Alaina Roberts in a black top against a gray background
Pitt Professor of History Alaina E. Roberts sometimes shares with friends and colleagues a little-known fact of 19th century American history—five tribes of Native Americans who settled in modern-day Oklahoma owned Black slaves. People are usually stunned to hear it.

As explained in Roberts’ book, “I’ve Been Here All The While: Black Freedom on Native Land,” at first, their adoption of slavery was not about white supremacy, but rather an attempt to assimilate into white European society. The five tribes who enslaved Black people—the Cherokee, Chickasaw, Choctaw, Creek and Seminole—became known to whites as the “Five Civilized Tribes.”

“These people are trying to assimilate and figure out where they fit into the racial hierarchy of the United States,” said Roberts. “There was a benefit to be viewed as civilized by white Americans.”

Get in conversation with Alaina E. Roberts on Twitter.

Roberts’ work sheds new light on what was happening among Native Americans, Blacks and white settlers in Indian Territory, now present-day Oklahoma, during the post-Civil War Reconstruction. As a result of negotiations between the U.S. government and the Chickasaw Nation, the Black former slaves had two choices—leave the Chickasaw Nation and land they had developed, or stay in a place where they had no rights or citizenship. Many, says Roberts, chose to stay.

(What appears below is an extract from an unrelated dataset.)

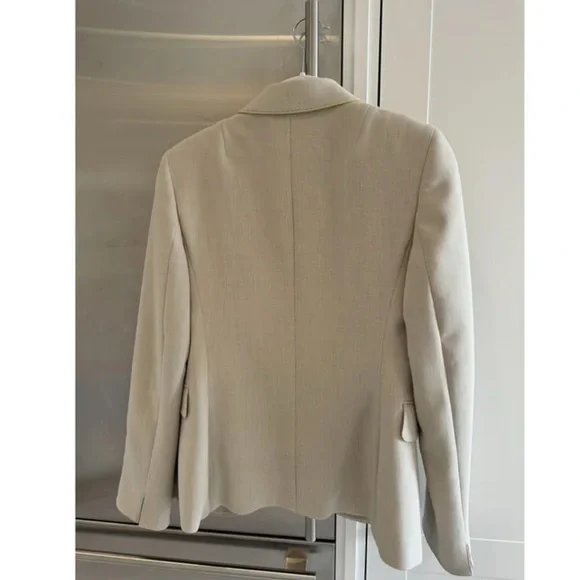 Women’s Akris Punto Pebbled Crepe Blazer and Pants Suit - Picture 5 of 10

”It says a lot about the importance of land,” said Roberts, who is originally from northern California but came to Pittsburgh three years ago. “Land was more important than citizenship.” Developing the land was also important. If you had cattle on it, or buildings, it was less likely to be seized by white settlers, Roberts said.

For the Pitt professor, much of this research is personal. Her own father’s ancestors were enslaved by Chickasaw and Choctaw Indians. Roberts pored through many records, including the Dawes Rolls, which were citizenship records prepared by a federal commission for each of the five tribes after passage of the Dawes Act of 1887. (The Act allowed the president to break up reservation lands and distribute it to individuals.)

She found the actual words of Josie Jackson—her own great-great-grandmother, who was working for a white family in Dallas, Texas, but who traveled back to Indian Territory many times.

“She traveled hundreds of miles,” said Roberts. “I don’t know if she walked or went by wagon, but she invested a lot of time and money going back and forth. It shows how important the land was to her. She wanted to maintain that connection.”

Roberts also relied on oral histories and interviewed her great aunt and second cousin a few years ago—both of whom had done research into their Chickasaw and Choctaw ancestry. She found out her family made a life for themselves on land in modern-day Ardmore, Oklahoma, and that they farmed. They planted fruit trees. They built a general store.

I enjoy enlightening a lot of people. It feels special, because I have the family connections to be able to tell these stories.

Alaina E. Roberts

In 1866, the U.S. forced the five tribes to adopt their slaves as citizens, which all but the Chickasaws did. Throughout the 1970s and 1980s, the five tribes began to remove the descendants of their former slaves from their membership rolls, and they lost their citizenship. A flood of lawsuits by the descendants followed, and Roberts is keeping an eye on those cases.

“The Cherokee slave descendants won their fight in 2017,” she said. “I’m hoping the Creek slave descendants are successful as well.”

All of this Black-Native history is woven into the courses she teaches at Pitt—African American History, Natives and Newcomers, and The Black West.

Pitt junior Julia Koehl, a history and political science double major in the Kenneth P. Dietrich School of Arts and Sciences, has taken all of them and appreciates the new perspective Roberts offers.

“History is often very skewed, as it is written by the people in control,” she said. “Marginalized groups of people have existed throughout history, and their stories are not often told. Professor Roberts focuses on these groups and their histories, as well as how they are portrayed in other sides of history.”

Said Roberts: “I enjoy enlightening a lot of people. It feels special, because I have the family connections to be able to tell these stories.”